Performance and Troubleshooting#

Concepts#

Load Average#

Load average represents the average number of processes waiting to run (or running) over 1, 5, and 15 minutes:

uptime
# 15:18:24 up 22:52,  1 user,  load average: 0.33, 0.14, 0.05
#                                            1min  5min  15min

cat /proc/loadavg
# 0.24 0.13 0.05 1/832 454403

How to interpret it:

  • Compare load to number of CPU cores (nproc)
  • Load = number of cores → CPU is fully utilized
  • Load > number of cores → processes are waiting (overloaded)
  • Load « number of cores → system is idle
# Number of CPU cores
nproc
# Example: 4

# Load of 4.0 on a 4-core system = 100% utilization
# Load of 8.0 on a 4-core system = overloaded (processes queuing)
# Load of 1.0 on a 4-core system = 25% utilization

Trends matter more than snapshots: if the 1-minute average is much higher than the 15-minute average, load is spiking.

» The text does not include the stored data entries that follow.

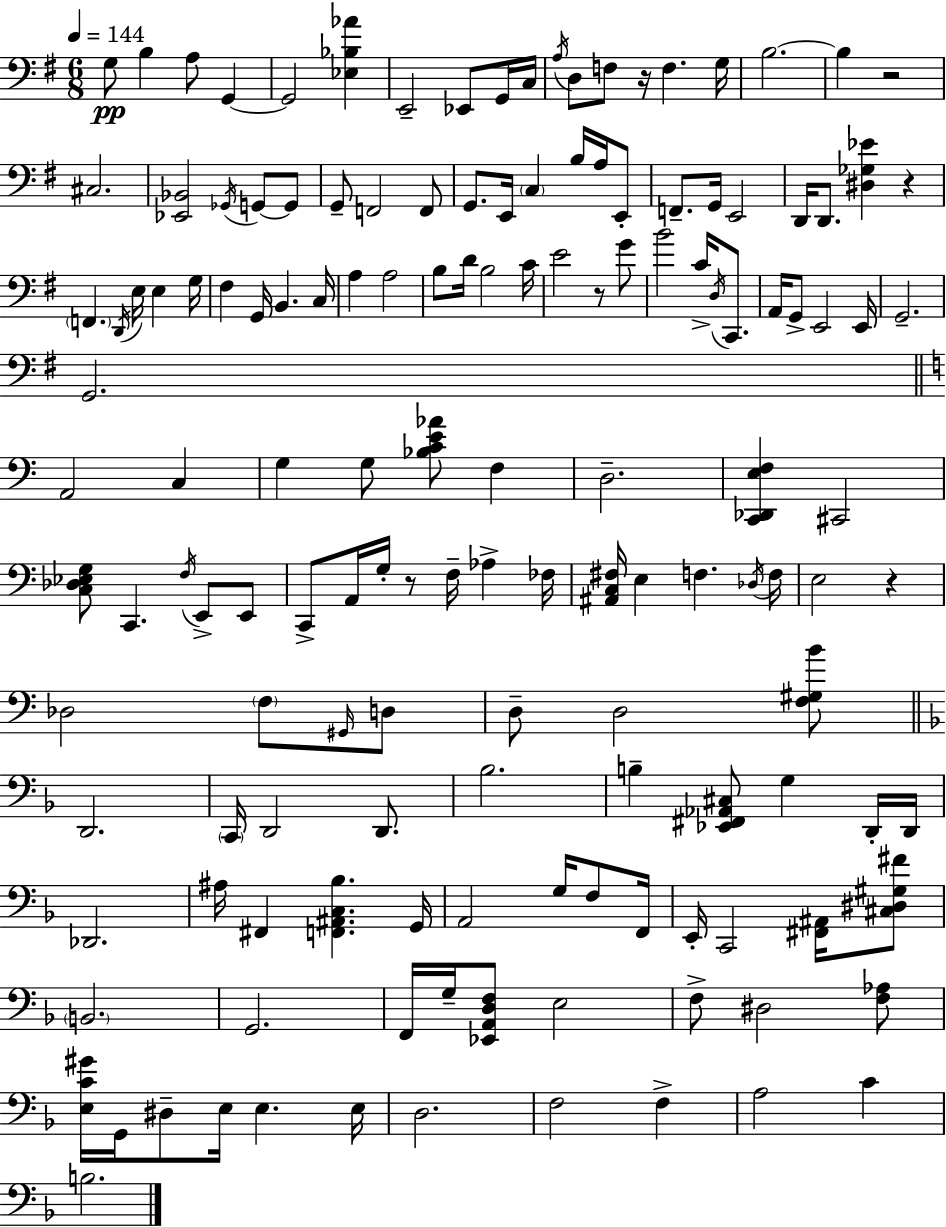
X:1
T:Untitled
M:6/8
L:1/4
K:Em
G,/2 B, A,/2 G,, G,,2 [_E,_B,_A] E,,2 _E,,/2 G,,/4 C,/4 A,/4 D,/2 F,/2 z/4 F, G,/4 B,2 B, z2 ^C,2 [_E,,_B,,]2 _G,,/4 G,,/2 G,,/2 G,,/2 F,,2 F,,/2 G,,/2 E,,/4 C, B,/4 A,/4 E,,/2 F,,/2 G,,/4 E,,2 D,,/4 D,,/2 [^D,_G,_E] z F,, D,,/4 E,/4 E, G,/4 ^F, G,,/4 B,, C,/4 A, A,2 B,/2 D/4 B,2 C/4 E2 z/2 G/2 B2 C/4 D,/4 C,,/2 A,,/4 G,,/2 E,,2 E,,/4 G,,2 G,,2 A,,2 C, G, G,/2 [_B,CE_A]/2 F, D,2 [C,,_D,,E,F,] ^C,,2 [C,_D,_E,G,]/2 C,, F,/4 E,,/2 E,,/2 C,,/2 A,,/4 G,/4 z/2 F,/4 _A, _F,/4 [^A,,C,^F,]/4 E, F, _D,/4 F,/4 E,2 z _D,2 F,/2 ^G,,/4 D,/2 D,/2 D,2 [F,^G,B]/2 D,,2 C,,/4 D,,2 D,,/2 _B,2 B, [_E,,^F,,_A,,^C,]/2 G, D,,/4 D,,/4 _D,,2 ^A,/4 ^F,, [F,,^A,,C,_B,] G,,/4 A,,2 G,/4 F,/2 F,,/4 E,,/4 C,,2 [^F,,^A,,]/4 [^C,^D,^G,^F]/2 B,,2 G,,2 F,,/4 G,/4 [_E,,A,,D,F,]/2 E,2 F,/2 ^D,2 [F,_A,]/2 [E,C^G]/4 G,,/4 ^D,/2 E,/4 E, E,/4 D,2 F,2 F, A,2 C B,2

If all three are high, the system is consistently overloaded.

CPU Monitoring#

top / htop#

top        # built-in, always available
htop       # more user-friendly (install: sudo apt install htop)

top key columns:

  • %CPU — percentage of CPU used by the process
  • %MEM — percentage of RAM used
  • TIME+ — total CPU time consumed
  • S (state) — R=running, S=sleeping, D=uninterruptible (I/O wait), Z=zombie

top keyboard shortcuts:

  • P — sort by CPU
  • M — sort by memory
  • k — kill a process (enter PID)
  • 1 — toggle per-CPU display
  • q — quit

htop additions:

  • Visual CPU/memory bars
  • Mouse support
  • Tree view (F5)
  • Search (F3), filter (F4)
  • Kill with F9

mpstat — Per-CPU Statistics#

sudo apt install -y sysstat

# All CPUs
mpstat

# Per-CPU breakdown, every 2 seconds
mpstat -P ALL 2

# Key fields:
# %usr  — user-space CPU
# %sys  — kernel CPU
# %iowait — waiting for I/O (disk bottleneck indicator)
# %idle — unused CPU

High %iowait suggests a disk bottleneck, not a CPU bottleneck.

Memory Monitoring#

# Overview
free -h

# Example output:
#               total   used   free   shared  buff/cache  available
# Mem:          7.7G    2.1G   3.2G   180M    2.4G        5.2G
# Swap:         2.0G    0B     2.0G

Key distinction:

  • used — RAM actively used by processes
  • buff/cache — RAM used for disk caches (automatically freed when needed)
  • available — RAM that can be used by new processes (free + reclaimable cache)

available is the number that matters, not free. Linux aggressively caches disk data in RAM, which is good — it makes free look low but available stays high.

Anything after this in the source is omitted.